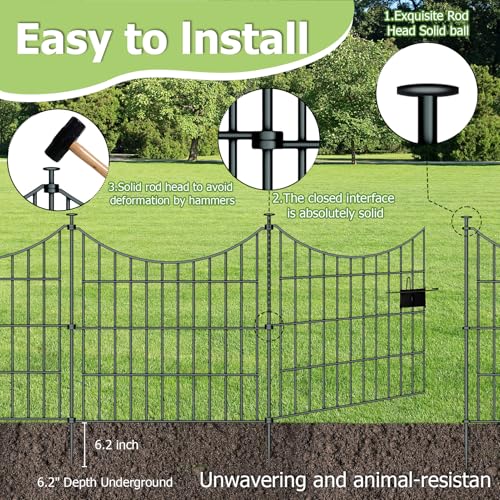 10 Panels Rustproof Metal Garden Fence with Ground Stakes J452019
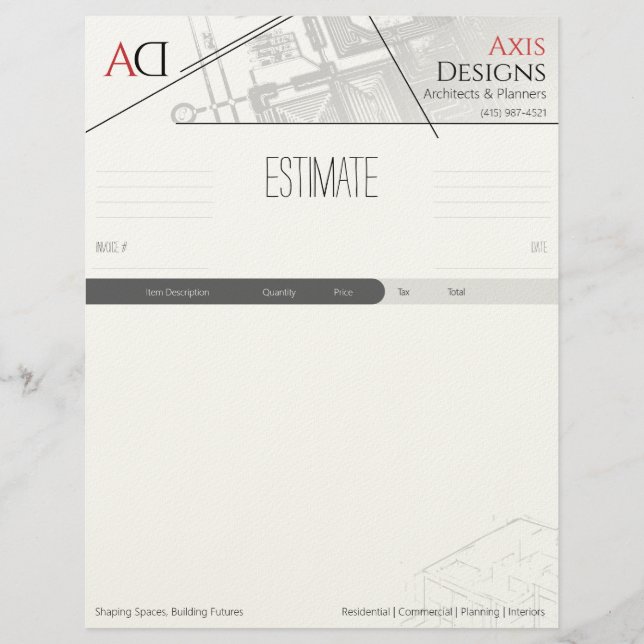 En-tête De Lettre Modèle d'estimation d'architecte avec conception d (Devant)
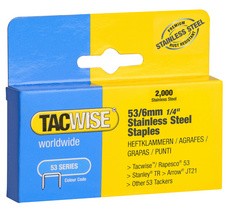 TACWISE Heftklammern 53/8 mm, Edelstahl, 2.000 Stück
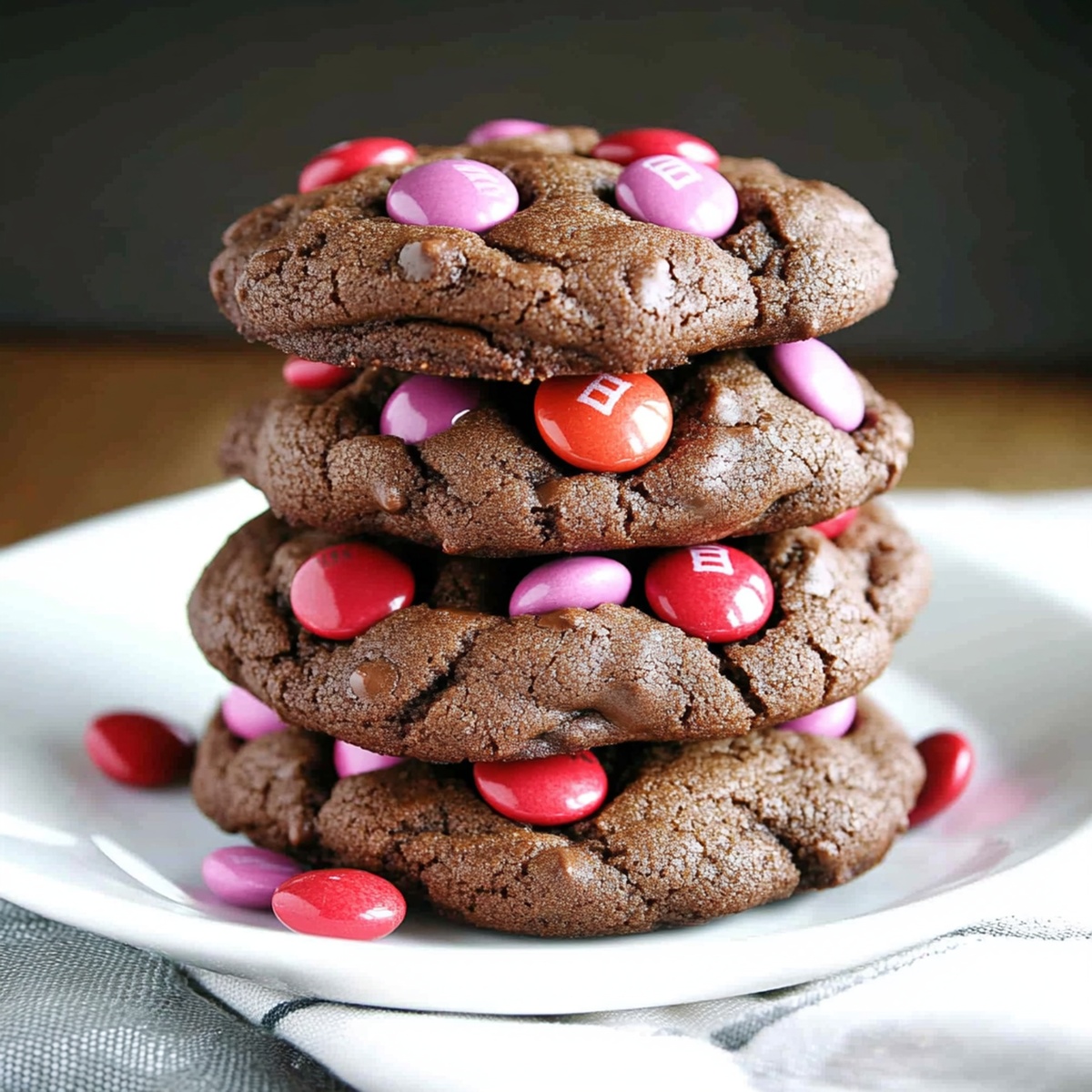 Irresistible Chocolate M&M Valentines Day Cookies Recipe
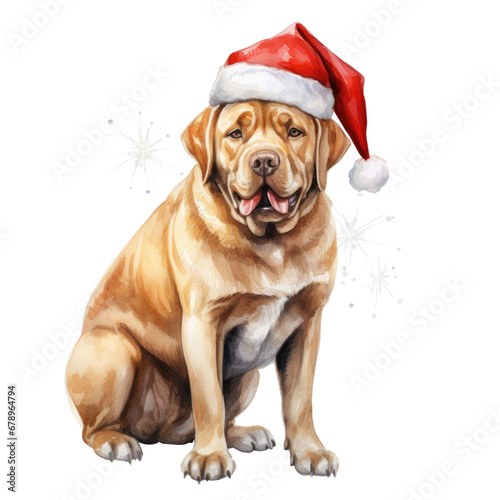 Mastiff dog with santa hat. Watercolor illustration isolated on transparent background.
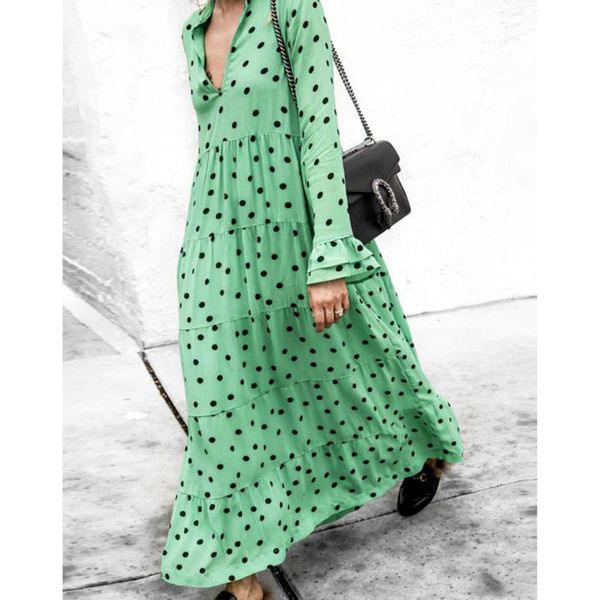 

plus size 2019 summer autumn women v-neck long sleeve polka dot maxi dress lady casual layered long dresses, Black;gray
________________________________________
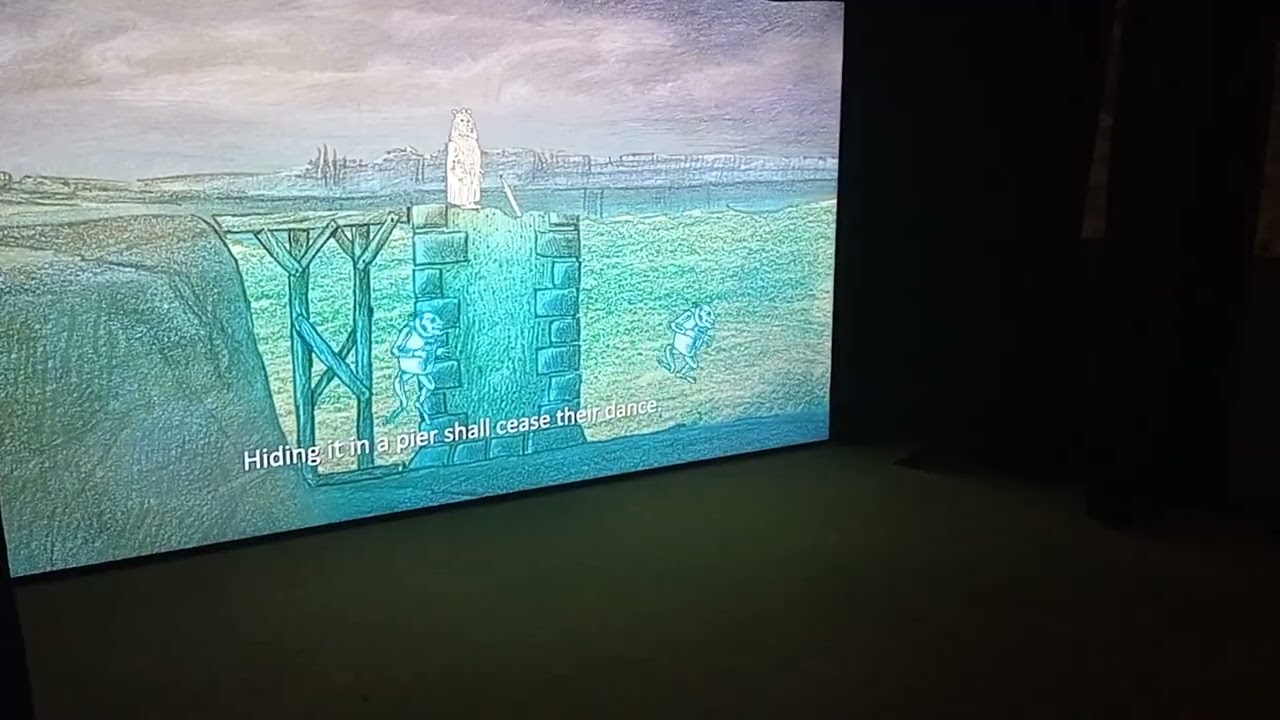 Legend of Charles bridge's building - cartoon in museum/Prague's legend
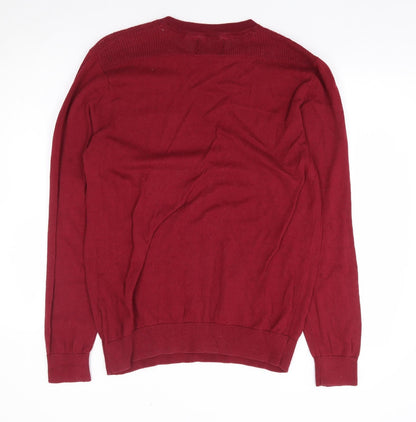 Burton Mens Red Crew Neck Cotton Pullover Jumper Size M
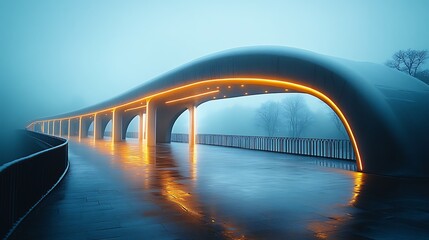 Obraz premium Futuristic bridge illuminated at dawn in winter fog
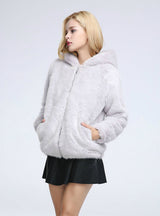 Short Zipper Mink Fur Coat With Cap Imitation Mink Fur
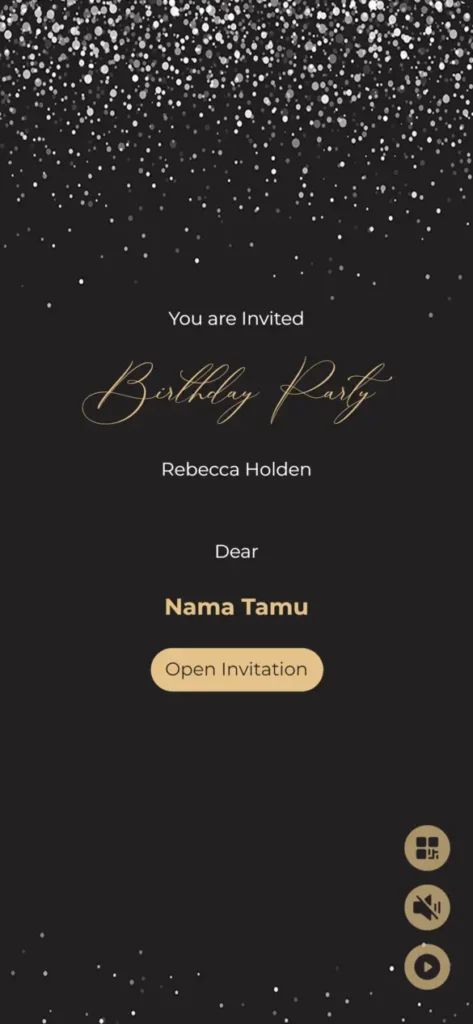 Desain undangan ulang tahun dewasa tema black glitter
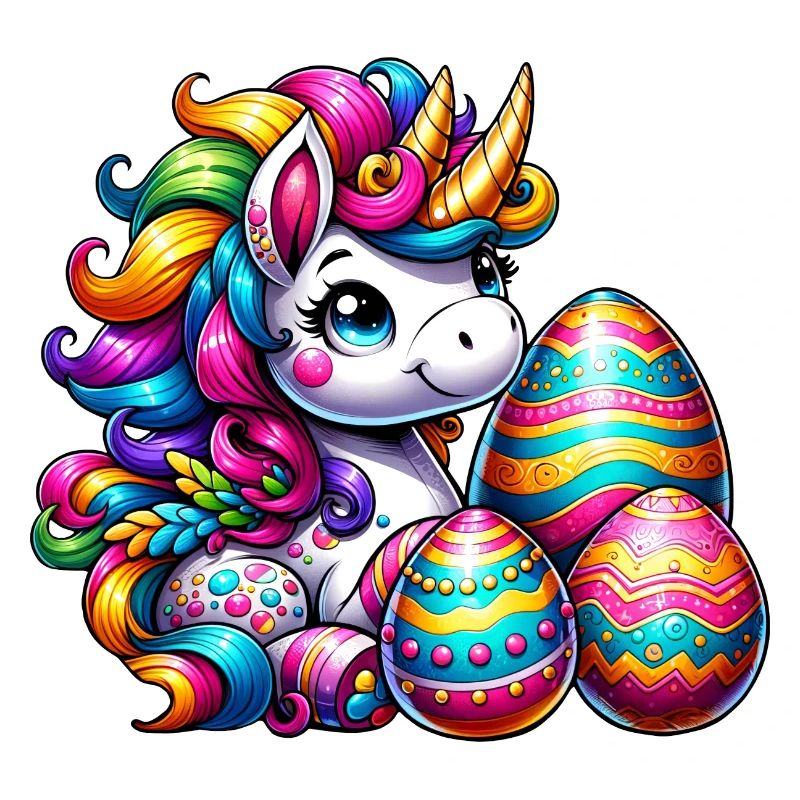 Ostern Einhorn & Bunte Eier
________________________________________
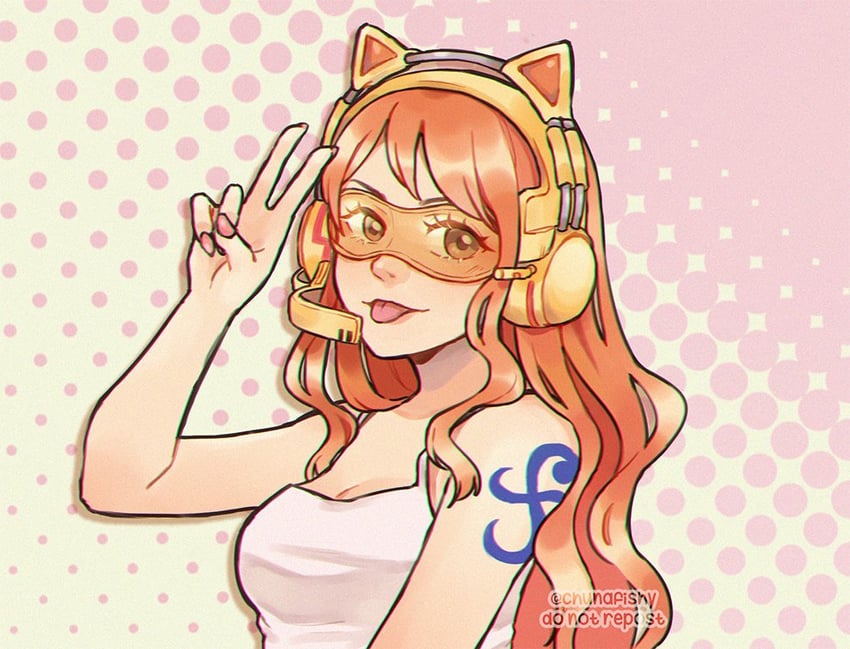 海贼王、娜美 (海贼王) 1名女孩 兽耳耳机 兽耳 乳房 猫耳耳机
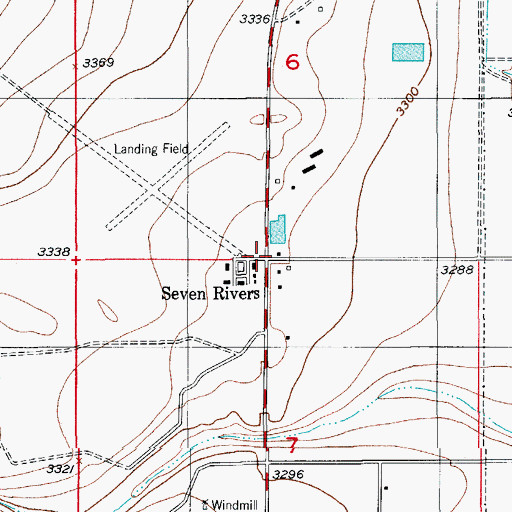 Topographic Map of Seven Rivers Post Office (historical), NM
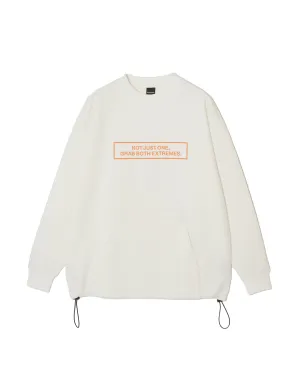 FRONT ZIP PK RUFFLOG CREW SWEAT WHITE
________________________________________
▸ **To do**:
Reproduce, word for word, everything in the listing above from the line containing "10 Panels Rustproof" down to the line containing "plus size 2019", both of them included. No pictures.

▸ **Response**:
 10 Panels Rustproof Metal Garden Fence with Ground Stakes J452019
 En-tête De Lettre Modèle d'estimation d'architecte avec conception d (Devant)
 TACWISE Heftklammern 53/8 mm, Edelstahl, 2.000 Stück
 Irresistible Chocolate M&M Valentines Day Cookies Recipe
 Mastiff dog with santa hat. Watercolor illustration isolated on transparent background.

plus size 2019 summer autumn women v-neck long sleeve polka dot maxi dress lady casual layered long dresses, Black;gray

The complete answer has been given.